**TO DO:** Give again the lines of the data from its first line through the line with "green leaves sticker". Change nothing.

**PROVIDED DATA:**
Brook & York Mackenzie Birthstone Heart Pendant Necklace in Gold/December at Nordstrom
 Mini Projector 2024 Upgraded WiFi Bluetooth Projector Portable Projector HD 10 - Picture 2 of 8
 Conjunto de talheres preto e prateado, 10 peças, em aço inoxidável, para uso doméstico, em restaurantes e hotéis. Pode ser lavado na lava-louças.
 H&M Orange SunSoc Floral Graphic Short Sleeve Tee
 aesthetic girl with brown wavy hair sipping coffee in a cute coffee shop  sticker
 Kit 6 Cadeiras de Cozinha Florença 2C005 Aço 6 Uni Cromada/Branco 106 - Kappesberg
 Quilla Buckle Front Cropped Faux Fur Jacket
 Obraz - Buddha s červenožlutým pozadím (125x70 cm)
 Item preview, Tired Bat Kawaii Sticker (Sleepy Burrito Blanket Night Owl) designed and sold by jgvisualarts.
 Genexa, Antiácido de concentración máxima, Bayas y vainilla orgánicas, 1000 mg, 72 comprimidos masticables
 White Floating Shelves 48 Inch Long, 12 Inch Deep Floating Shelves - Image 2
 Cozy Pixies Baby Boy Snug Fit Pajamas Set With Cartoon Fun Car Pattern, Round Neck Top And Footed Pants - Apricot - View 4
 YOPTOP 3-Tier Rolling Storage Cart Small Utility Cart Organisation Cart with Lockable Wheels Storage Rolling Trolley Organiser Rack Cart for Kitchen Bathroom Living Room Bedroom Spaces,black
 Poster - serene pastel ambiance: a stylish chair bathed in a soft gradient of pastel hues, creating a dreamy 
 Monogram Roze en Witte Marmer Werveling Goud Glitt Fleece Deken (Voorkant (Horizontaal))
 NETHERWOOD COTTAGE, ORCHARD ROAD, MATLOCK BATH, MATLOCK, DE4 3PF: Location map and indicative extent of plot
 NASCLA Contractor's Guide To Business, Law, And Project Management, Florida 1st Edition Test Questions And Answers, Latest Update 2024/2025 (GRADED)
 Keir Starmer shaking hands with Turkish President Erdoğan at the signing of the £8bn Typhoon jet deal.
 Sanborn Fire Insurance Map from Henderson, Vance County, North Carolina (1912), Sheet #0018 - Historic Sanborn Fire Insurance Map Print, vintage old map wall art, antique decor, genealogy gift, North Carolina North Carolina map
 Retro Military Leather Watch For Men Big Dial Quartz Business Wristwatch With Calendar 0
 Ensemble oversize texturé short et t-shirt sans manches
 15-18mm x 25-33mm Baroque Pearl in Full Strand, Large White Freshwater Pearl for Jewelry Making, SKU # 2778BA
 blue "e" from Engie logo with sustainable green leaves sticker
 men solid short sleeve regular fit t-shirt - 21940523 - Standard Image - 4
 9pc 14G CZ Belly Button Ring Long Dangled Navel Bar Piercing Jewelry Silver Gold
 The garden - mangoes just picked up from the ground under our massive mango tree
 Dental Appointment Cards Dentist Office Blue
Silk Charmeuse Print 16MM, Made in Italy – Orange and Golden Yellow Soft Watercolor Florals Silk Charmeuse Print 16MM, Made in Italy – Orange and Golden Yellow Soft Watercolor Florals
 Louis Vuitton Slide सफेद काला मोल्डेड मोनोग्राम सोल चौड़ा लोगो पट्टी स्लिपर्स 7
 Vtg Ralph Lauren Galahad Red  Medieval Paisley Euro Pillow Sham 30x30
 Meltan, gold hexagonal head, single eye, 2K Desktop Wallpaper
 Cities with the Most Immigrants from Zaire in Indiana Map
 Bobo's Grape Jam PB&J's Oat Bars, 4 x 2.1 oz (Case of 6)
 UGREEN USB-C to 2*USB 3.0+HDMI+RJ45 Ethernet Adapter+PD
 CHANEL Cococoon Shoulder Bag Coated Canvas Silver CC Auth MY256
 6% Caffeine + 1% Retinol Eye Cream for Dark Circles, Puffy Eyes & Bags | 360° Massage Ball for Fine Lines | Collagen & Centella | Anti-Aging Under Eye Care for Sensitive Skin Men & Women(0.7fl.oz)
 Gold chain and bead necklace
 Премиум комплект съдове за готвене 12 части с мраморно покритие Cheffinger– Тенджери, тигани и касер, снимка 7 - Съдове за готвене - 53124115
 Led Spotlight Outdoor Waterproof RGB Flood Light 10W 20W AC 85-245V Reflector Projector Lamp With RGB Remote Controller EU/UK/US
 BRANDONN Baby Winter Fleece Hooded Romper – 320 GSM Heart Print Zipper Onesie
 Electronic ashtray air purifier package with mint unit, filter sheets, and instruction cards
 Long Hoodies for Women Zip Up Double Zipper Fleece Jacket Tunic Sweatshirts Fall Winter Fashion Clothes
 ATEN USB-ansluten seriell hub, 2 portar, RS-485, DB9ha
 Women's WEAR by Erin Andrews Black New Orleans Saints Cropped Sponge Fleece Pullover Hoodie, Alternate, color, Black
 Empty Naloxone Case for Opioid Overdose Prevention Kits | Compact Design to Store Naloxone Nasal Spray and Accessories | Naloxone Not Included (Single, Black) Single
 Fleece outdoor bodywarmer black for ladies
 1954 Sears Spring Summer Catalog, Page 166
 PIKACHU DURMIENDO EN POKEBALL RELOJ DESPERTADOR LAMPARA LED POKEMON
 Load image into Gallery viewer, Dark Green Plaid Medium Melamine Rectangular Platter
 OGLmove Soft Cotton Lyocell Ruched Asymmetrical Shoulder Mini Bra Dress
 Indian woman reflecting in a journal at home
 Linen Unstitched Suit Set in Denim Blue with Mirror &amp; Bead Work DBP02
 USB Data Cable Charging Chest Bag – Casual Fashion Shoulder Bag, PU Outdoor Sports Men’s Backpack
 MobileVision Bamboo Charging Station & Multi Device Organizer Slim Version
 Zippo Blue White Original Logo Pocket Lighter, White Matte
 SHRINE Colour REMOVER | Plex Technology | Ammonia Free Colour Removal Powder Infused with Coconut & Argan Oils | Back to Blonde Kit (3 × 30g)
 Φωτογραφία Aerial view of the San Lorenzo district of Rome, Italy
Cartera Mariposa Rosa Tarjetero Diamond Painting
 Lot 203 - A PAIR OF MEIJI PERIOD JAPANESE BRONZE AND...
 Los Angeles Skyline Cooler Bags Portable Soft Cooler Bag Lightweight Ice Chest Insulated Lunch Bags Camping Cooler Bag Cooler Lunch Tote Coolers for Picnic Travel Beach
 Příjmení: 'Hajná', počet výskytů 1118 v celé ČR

**RESPONSE FOR THIS EXERCISE:**
Brook & York Mackenzie Birthstone Heart Pendant Necklace in Gold/December at Nordstrom
 Mini Projector 2024 Upgraded WiFi Bluetooth Projector Portable Projector HD 10 - Picture 2 of 8
 Conjunto de talheres preto e prateado, 10 peças, em aço inoxidável, para uso doméstico, em restaurantes e hotéis. Pode ser lavado na lava-louças.
 H&M Orange SunSoc Floral Graphic Short Sleeve Tee
 aesthetic girl with brown wavy hair sipping coffee in a cute coffee shop  sticker
 Kit 6 Cadeiras de Cozinha Florença 2C005 Aço 6 Uni Cromada/Branco 106 - Kappesberg
 Quilla Buckle Front Cropped Faux Fur Jacket
 Obraz - Buddha s červenožlutým pozadím (125x70 cm)
 Item preview, Tired Bat Kawaii Sticker (Sleepy Burrito Blanket Night Owl) designed and sold by jgvisualarts.
 Genexa, Antiácido de concentración máxima, Bayas y vainilla orgánicas, 1000 mg, 72 comprimidos masticables
 White Floating Shelves 48 Inch Long, 12 Inch Deep Floating Shelves - Image 2
 Cozy Pixies Baby Boy Snug Fit Pajamas Set With Cartoon Fun Car Pattern, Round Neck Top And Footed Pants - Apricot - View 4
 YOPTOP 3-Tier Rolling Storage Cart Small Utility Cart Organisation Cart with Lockable Wheels Storage Rolling Trolley Organiser Rack Cart for Kitchen Bathroom Living Room Bedroom Spaces,black
 Poster - serene pastel ambiance: a stylish chair bathed in a soft gradient of pastel hues, creating a dreamy 
 Monogram Roze en Witte Marmer Werveling Goud Glitt Fleece Deken (Voorkant (Horizontaal))
 NETHERWOOD COTTAGE, ORCHARD ROAD, MATLOCK BATH, MATLOCK, DE4 3PF: Location map and indicative extent of plot
 NASCLA Contractor's Guide To Business, Law, And Project Management, Florida 1st Edition Test Questions And Answers, Latest Update 2024/2025 (GRADED)
 Keir Starmer shaking hands with Turkish President Erdoğan at the signing of the £8bn Typhoon jet deal.
 Sanborn Fire Insurance Map from Henderson, Vance County, North Carolina (1912), Sheet #0018 - Historic Sanborn Fire Insurance Map Print, vintage old map wall art, antique decor, genealogy gift, North Carolina North Carolina map
 Retro Military Leather Watch For Men Big Dial Quartz Business Wristwatch With Calendar 0
 Ensemble oversize texturé short et t-shirt sans manches
 15-18mm x 25-33mm Baroque Pearl in Full Strand, Large White Freshwater Pearl for Jewelry Making, SKU # 2778BA
 blue "e" from Engie logo with sustainable green leaves sticker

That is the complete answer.